In Pascarella et al. (2015), deal with the generation of optimal flight trajectories for unmanned aerial vehicles (UAVs). In particular, they propose the parallelization of the Core Paths Graph algorithm, which converts the trajectory optimization problem into a minimum cost path search, by a weighted and oriented graph. After presenting the mathematical formulation of the problem and the algorithm, the paper presents some test results, showing the obtained improvement of the proposed parallel algorithm. Moreover, for secure consideration, tracking the interesting targets within the coverage region is important in the radar surveillance systems. However, conventional mono-static radars suffer several threats, such as stealth targets, electronic jamming, anti-radiation missiles and the ultra-low altitude penetration. In order to reduce such threats, multistatic geometry and specified operational frequency based solutions could be adopted. In this direction, in Wen et al. (2014) authors propose a weighted least square method, which is applied by using a time of arrival (TOA) and angle of arrival (AOA) location estimation scheme. To evaluate the performance of the proposed scheme, the root mean square error distribution is employed.

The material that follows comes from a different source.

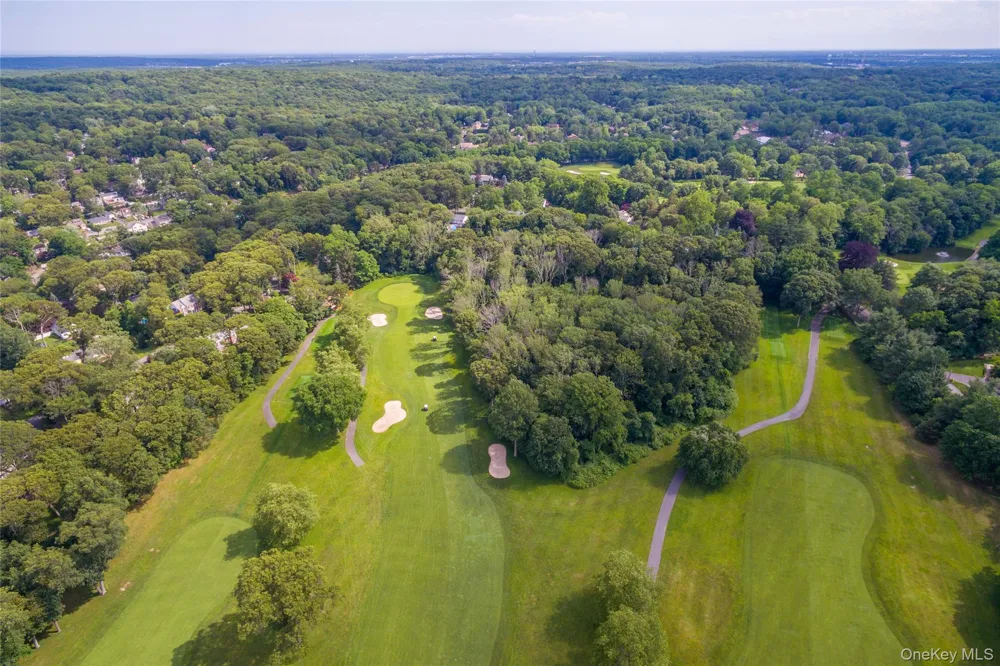 32 Timberline Drive Huntington, NY 11743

Finally, in Toporkov et al. (2015) authors propose and analyze an interesting hybrid scheduling approach, based on a combination of cycling, back-filling and heuristic schemes, for efficient resources utilization in virtual organizations of utility grids. Different algorithms and approaches are compared, and results are provided to prove the correctness of the proposed one and justify its use in different situations. In particular, the simulations show that each of studied approaches can provide the best results under specific conditions, while the proposed hybrid scheme is able to balance such results, thus providing better efficiency under different conditions.